**Brief:** Below are the entries; return exactly the line with "What Is An Item" and every later line, without anything else.

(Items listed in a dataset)
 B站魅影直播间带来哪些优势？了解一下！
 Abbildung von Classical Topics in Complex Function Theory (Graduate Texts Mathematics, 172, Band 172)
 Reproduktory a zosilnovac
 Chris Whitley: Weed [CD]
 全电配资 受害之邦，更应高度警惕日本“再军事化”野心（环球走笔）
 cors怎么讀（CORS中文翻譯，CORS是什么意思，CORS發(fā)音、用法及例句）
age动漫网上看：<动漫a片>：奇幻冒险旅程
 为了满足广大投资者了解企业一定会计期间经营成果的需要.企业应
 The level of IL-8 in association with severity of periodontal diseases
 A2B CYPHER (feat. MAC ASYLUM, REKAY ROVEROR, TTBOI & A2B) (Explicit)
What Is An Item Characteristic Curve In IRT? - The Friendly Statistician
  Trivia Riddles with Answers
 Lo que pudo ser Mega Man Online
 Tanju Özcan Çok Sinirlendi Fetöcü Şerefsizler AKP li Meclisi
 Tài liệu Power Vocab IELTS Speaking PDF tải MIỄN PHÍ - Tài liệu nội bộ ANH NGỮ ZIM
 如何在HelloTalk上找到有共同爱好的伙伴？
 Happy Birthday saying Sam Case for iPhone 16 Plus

**Exercise output:**
What Is An Item Characteristic Curve In IRT? - The Friendly Statistician
  Trivia Riddles with Answers
 Lo que pudo ser Mega Man Online
 Tanju Özcan Çok Sinirlendi Fetöcü Şerefsizler AKP li Meclisi
 Tài liệu Power Vocab IELTS Speaking PDF tải MIỄN PHÍ - Tài liệu nội bộ ANH NGỮ ZIM
 如何在HelloTalk上找到有共同爱好的伙伴？
 Happy Birthday saying Sam Case for iPhone 16 Plus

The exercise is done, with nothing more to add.